Records shown
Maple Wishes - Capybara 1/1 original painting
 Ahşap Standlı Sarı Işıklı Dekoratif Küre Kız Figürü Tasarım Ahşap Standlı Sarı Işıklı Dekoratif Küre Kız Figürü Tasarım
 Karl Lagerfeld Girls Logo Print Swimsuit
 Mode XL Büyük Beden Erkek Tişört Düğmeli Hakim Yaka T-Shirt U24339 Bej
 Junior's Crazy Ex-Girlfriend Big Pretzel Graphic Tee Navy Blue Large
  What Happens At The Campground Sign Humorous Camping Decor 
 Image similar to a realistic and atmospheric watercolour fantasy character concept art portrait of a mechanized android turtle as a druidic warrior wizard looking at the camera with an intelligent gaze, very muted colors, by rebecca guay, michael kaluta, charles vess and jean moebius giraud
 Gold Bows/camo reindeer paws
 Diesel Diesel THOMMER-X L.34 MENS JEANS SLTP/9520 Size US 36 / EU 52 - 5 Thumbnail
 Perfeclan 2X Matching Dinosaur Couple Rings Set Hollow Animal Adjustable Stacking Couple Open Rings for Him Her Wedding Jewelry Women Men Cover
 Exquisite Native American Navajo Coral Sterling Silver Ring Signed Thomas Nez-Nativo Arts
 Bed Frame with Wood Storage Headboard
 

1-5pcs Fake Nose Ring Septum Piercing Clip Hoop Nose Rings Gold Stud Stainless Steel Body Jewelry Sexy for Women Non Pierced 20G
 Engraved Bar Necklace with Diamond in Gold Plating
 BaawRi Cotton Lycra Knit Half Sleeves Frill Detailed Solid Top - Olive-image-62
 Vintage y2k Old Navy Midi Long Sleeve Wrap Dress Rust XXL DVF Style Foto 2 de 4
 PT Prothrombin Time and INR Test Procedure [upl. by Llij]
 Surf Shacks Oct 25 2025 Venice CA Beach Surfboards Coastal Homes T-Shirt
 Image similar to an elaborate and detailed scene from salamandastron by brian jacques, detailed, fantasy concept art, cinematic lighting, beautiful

What is expected
Word for word, restate the lines of the listing above starting at the line with "Bed Frame with Wood Storage Headboard" and ending at the line with "BaawRi Cotton Lycra", and nothing outside them.

Problem solution
 Bed Frame with Wood Storage Headboard
 

1-5pcs Fake Nose Ring Septum Piercing Clip Hoop Nose Rings Gold Stud Stainless Steel Body Jewelry Sexy for Women Non Pierced 20G
 Engraved Bar Necklace with Diamond in Gold Plating
 BaawRi Cotton Lycra Knit Half Sleeves Frill Detailed Solid Top - Olive-image-62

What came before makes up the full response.